**PROBLEM REQUIREMENTS**
Print nothing but the lines below starting at the line that holds "Hi, it's Dana" and ending at the line that holds "So now I have", including both, each exactly as written.

**DATA FOR PROCESSING**
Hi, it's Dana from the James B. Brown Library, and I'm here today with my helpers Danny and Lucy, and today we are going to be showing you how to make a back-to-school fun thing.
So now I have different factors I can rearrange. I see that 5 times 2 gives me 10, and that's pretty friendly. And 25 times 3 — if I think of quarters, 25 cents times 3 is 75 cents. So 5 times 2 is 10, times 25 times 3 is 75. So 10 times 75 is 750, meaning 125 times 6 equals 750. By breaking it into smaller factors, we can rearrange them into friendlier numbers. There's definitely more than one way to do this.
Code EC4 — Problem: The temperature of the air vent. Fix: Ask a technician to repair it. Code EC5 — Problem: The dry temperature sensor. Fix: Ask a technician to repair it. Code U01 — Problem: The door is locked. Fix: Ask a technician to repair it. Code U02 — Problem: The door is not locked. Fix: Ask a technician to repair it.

==

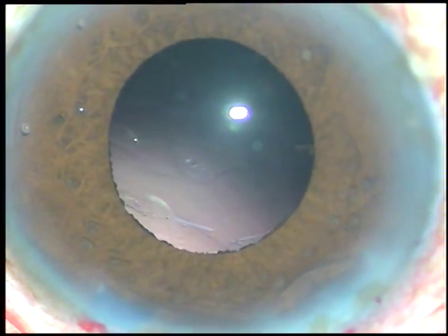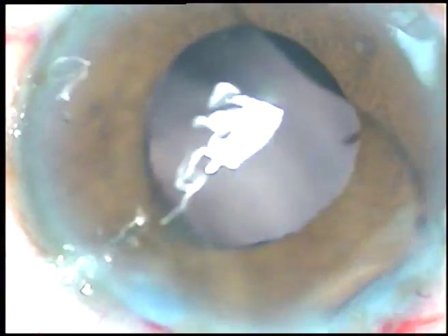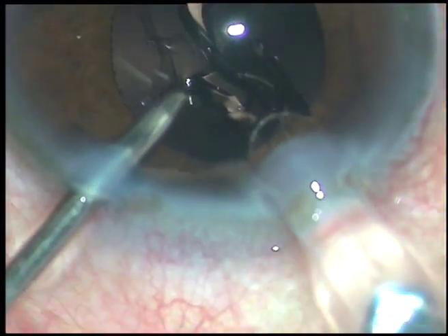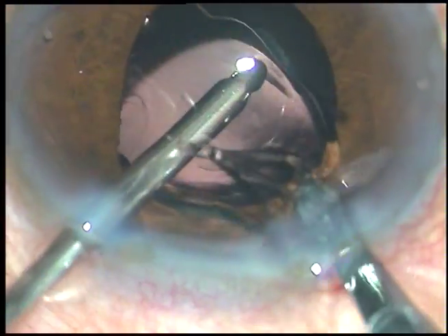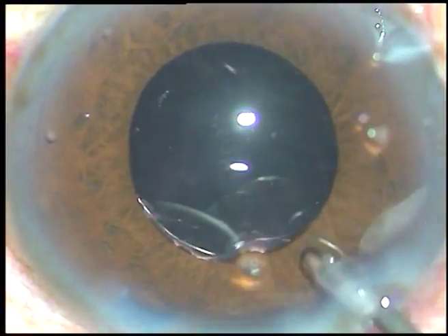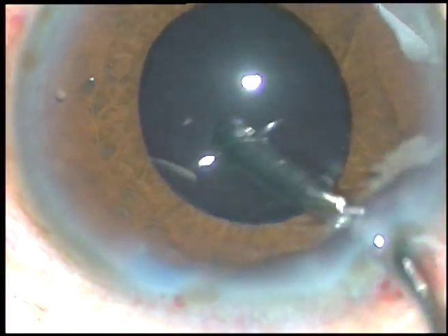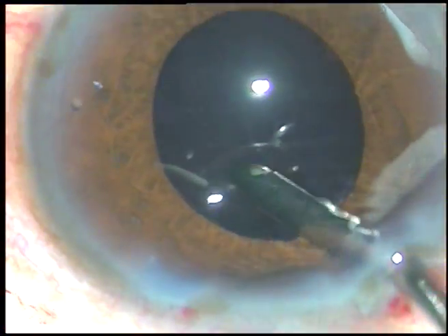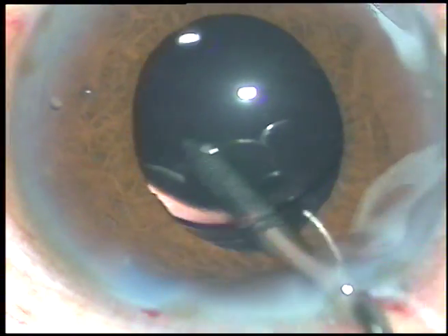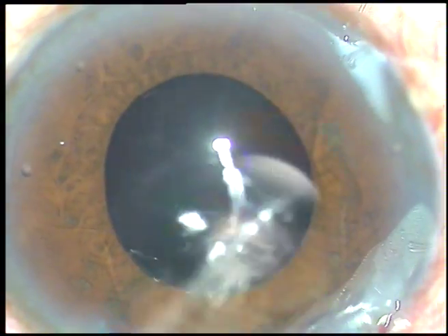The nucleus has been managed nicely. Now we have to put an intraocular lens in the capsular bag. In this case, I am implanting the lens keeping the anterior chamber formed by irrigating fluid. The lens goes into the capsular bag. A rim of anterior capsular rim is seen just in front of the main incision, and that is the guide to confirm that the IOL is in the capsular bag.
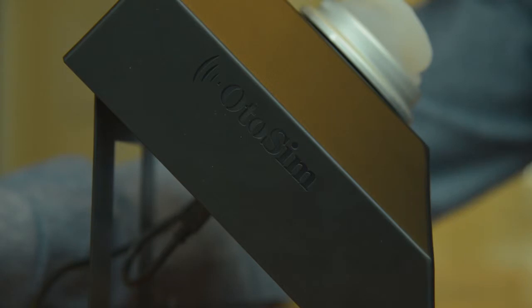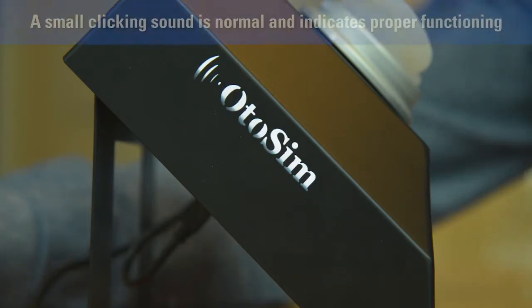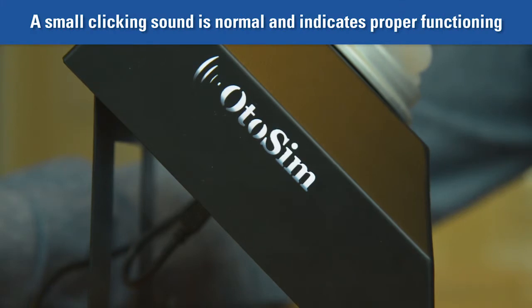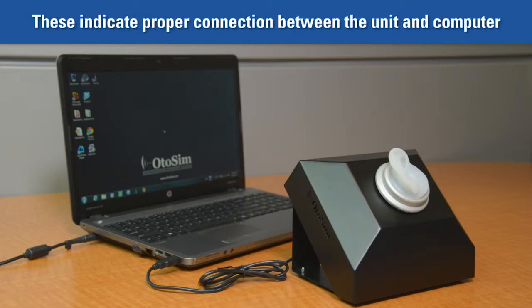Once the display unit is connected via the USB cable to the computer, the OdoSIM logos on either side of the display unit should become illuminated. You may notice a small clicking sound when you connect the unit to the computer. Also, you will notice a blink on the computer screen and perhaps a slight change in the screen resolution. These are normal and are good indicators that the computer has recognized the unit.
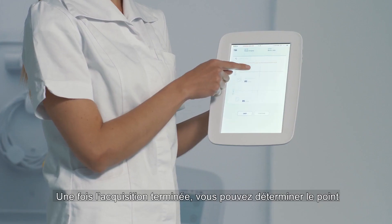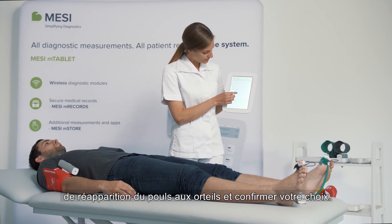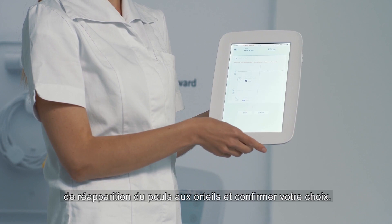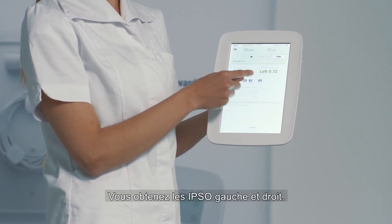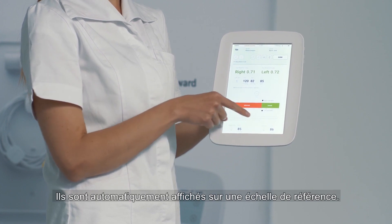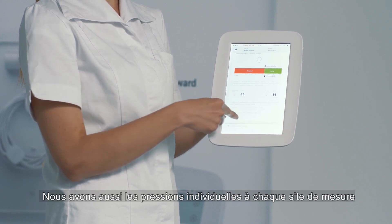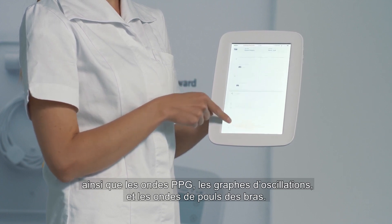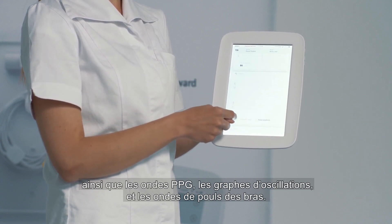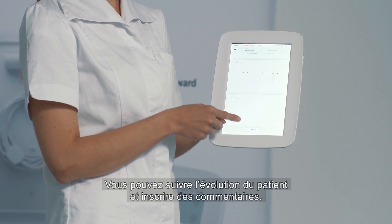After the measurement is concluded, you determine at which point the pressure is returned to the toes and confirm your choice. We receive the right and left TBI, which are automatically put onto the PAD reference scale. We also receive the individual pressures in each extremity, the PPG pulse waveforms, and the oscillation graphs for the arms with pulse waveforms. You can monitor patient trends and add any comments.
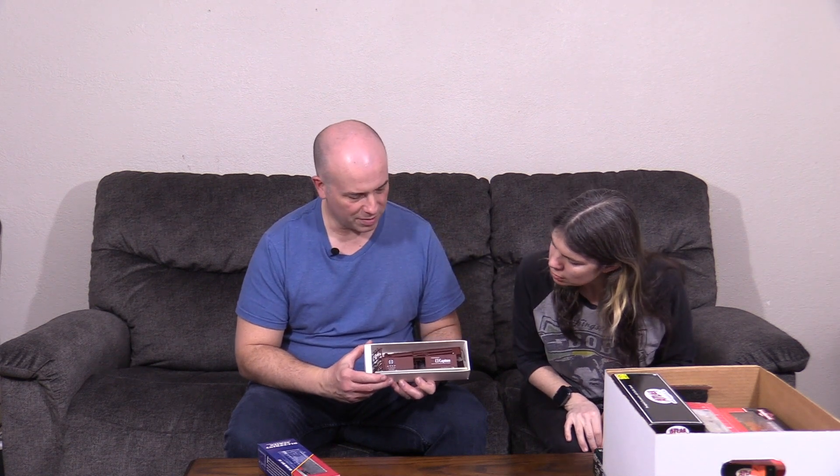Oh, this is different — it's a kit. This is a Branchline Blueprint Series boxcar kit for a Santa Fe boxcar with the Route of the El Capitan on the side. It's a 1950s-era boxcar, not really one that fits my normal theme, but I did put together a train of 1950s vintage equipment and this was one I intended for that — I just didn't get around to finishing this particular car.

--

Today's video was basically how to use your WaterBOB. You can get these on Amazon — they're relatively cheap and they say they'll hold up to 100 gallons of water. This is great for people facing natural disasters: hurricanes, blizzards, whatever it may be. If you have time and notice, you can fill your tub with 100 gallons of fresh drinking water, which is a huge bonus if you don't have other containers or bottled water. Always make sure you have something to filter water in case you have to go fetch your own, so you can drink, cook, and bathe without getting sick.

**ANSWER TO THIS TASK**
Hi, it's Dana from the James B. Brown Library, and I'm here today with my helpers Danny and Lucy, and today we are going to be showing you how to make a back-to-school fun thing.
So now I have different factors I can rearrange. I see that 5 times 2 gives me 10, and that's pretty friendly. And 25 times 3 — if I think of quarters, 25 cents times 3 is 75 cents. So 5 times 2 is 10, times 25 times 3 is 75. So 10 times 75 is 750, meaning 125 times 6 equals 750. By breaking it into smaller factors, we can rearrange them into friendlier numbers. There's definitely more than one way to do this.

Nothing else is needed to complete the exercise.